Abilities: Chlorophyll / Leaf Guard / Regenerator
Base stats: 65 HP / 55 Atk / 115 Def / 100 SpA / 40 SpD / 60 Spe
Tangela works almost hand-in-hand with Vulpix. The two form a core that covers their weaknesses and patches up the offensive shortcomings of their counterpart. Tangela's massive physical bulk combined with its base 100 Special Attack (very high by LC standards) and Chlorophyll to boost its speed allow it to function as a powerful sweeper that's hard to take down when under the sunshine that Vulpix brings. The combination of Giga Drain or Solar Beam, a sun-boosted Hidden Power Fire, and Ancient Power is walled by absolutely no typing available. Synthesis (which restores two-thirds of Tangela's maximum HP in the sun) complements the spectacular physical bulk Tangela has, and the addition of Sleep Powder to the mix makes Tangela a monster that very few Pokémon are comfortable facing. Even without sun, Tangela is very viable as a user of the Regenerator ability, which gives it excellent longevity throughout battles, and in conjunction with its impressive offensive power and its high physical bulk, to make use of its resistances and allows it to switch in, take the hit, and hop right back out, healing in the process.
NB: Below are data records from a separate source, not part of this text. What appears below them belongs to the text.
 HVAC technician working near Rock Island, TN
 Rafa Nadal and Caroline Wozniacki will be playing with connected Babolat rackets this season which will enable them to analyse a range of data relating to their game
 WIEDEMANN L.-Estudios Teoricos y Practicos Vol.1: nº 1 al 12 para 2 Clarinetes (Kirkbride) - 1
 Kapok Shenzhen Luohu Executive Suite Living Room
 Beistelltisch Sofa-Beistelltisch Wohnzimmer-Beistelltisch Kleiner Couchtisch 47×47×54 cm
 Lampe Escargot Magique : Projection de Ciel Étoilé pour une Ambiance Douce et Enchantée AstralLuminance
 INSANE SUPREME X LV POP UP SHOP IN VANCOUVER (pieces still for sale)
The unfortunate thorn in Tangela's side is its sub-par special bulk, which does it no favors against Yanma's STAB moves in Bug Buzz and Air Slash or against common special attacks it's weak to, such as Ice Beam and Fire Blast. The addition of Fairy-types this generation has also increased the usage of offensive Poison-type attacks like Sludge Bomb, and Tangela doesn't take those very well at all either. It should go without saying that while sunlight does greatly benefit Tangela, it also amplifies Tangela's weakness to Fire, which is more exploitable than you would think in some cases. It's unfortunate that Tangela's poorest stat is called Special Defense, because there's certainly nothing special about it, and it's often the key to its downfall. Grass / Poison types such as Foongus or Bulbasaur can come in, shrug off Sleep Powder thanks to the recent Grass-type buff preventing Powder moves from causing a status, and then respond with STAB Poison-type attacks, although they have to take a hit. RestTalk Pokémon don't mind being put to sleep and can fight back undeterred, and Lileep can outlast Tangela fairly well, thanks to Toxic, a neutrality to all of the moves Tangela can fight back with, and immunity to Sleep Powder.
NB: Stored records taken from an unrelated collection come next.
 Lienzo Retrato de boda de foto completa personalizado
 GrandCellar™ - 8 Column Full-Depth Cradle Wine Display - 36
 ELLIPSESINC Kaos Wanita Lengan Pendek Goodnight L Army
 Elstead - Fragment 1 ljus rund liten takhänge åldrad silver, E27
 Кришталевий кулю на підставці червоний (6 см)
Make no mistake, these unbanned threats are back with a vengeance (with the exception of Tangela and Yanma, who were just banned very recently by the LC council). Each of them is very threatening in their own respective right and it is certainly necessary to be prepared for them, but they are not impossible to defeat. Each of these previously exiled champions has an Achilles' heel, and being able to successfully target the weaknesses of these Pokémon will guarantee that you have an easier time and a more enjoyable experience when playing the XY Little Cup tier. Nothing in Pokémon is truly invincible, and this goes to show that even in a tier called Little Cup, the bigger they are, the harder they fall.